The entries are to be returned exactly, with images left out.

(Saved data entries)
╔══
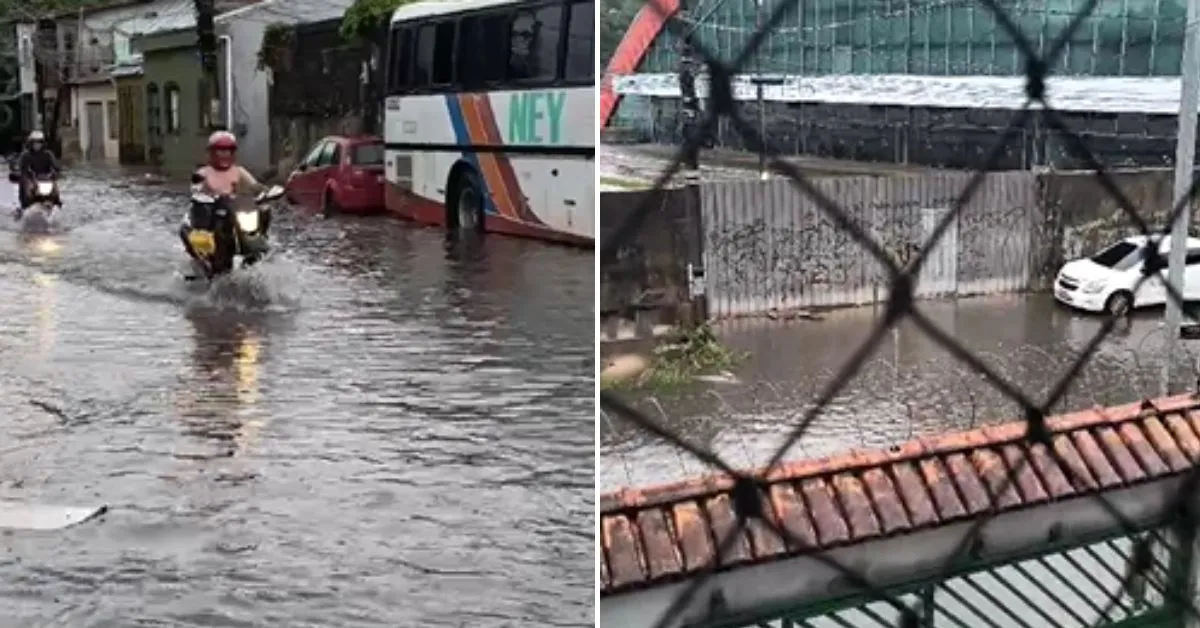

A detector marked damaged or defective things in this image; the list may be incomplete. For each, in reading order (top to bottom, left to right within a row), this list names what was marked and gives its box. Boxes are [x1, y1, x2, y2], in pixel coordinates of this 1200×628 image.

rusty fence [708, 172, 1032, 316]
rusty fence [596, 0, 1200, 624]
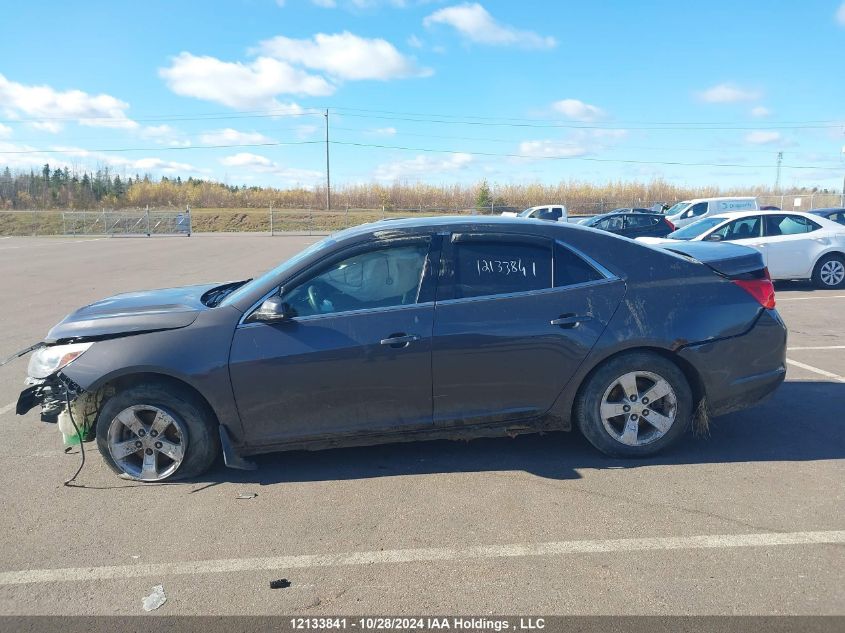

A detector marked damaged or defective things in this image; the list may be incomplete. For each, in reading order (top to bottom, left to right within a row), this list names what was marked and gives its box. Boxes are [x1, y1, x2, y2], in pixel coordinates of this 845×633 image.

front bumper damage [16, 372, 103, 442]
damaged gray sedan [16, 215, 788, 482]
╚══
Expected answer →
A detector marked damaged or defective things in this image; the list may be incomplete. For each, in reading order (top to bottom, left to right within a row), this list names what was marked and gives its box. Boxes are [x1, y1, x2, y2], in pixel coordinates of this 1200×628 image.

rusty fence [708, 172, 1032, 316]
rusty fence [596, 0, 1200, 624]

A detector marked damaged or defective things in this image; the list may be incomplete. For each, in reading order (top to bottom, left to right within a row), this list names what was marked and gives its box. Boxes are [x1, y1, x2, y2], in pixel coordinates of this 845×633 image.

front bumper damage [16, 372, 103, 442]
damaged gray sedan [16, 215, 788, 482]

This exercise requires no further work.